━━━ RECORDS

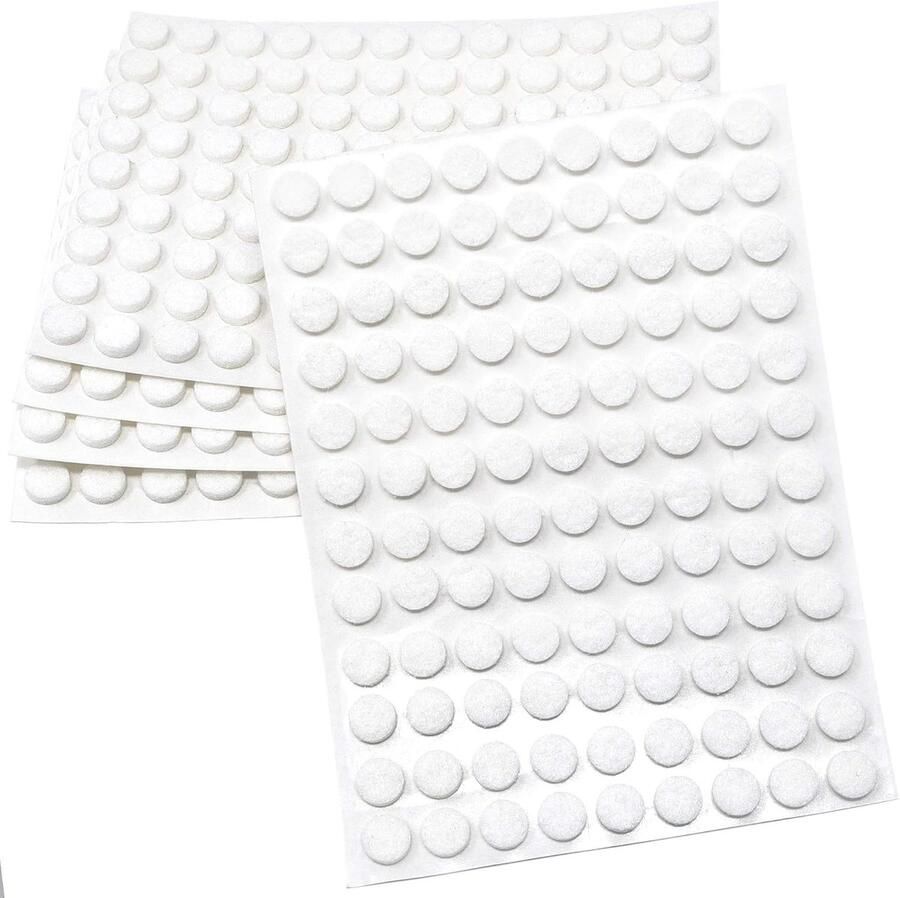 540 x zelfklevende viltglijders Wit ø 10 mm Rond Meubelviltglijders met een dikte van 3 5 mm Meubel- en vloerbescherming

━━━━━━
━━━ RECORDS

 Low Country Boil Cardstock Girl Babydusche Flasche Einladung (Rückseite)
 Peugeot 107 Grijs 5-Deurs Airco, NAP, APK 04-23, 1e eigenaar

━━━━━━

## WORK REQUEST
What is needed is a verbatim copy of every line in the records above from the one containing "Low Country Boil" down to the one containing "Peugeot 107 Grijs", both included, and nothing more.

## SOLUTION FOR THIS EXERCISE
 Low Country Boil Cardstock Girl Babydusche Flasche Einladung (Rückseite)
 Peugeot 107 Grijs 5-Deurs Airco, NAP, APK 04-23, 1e eigenaar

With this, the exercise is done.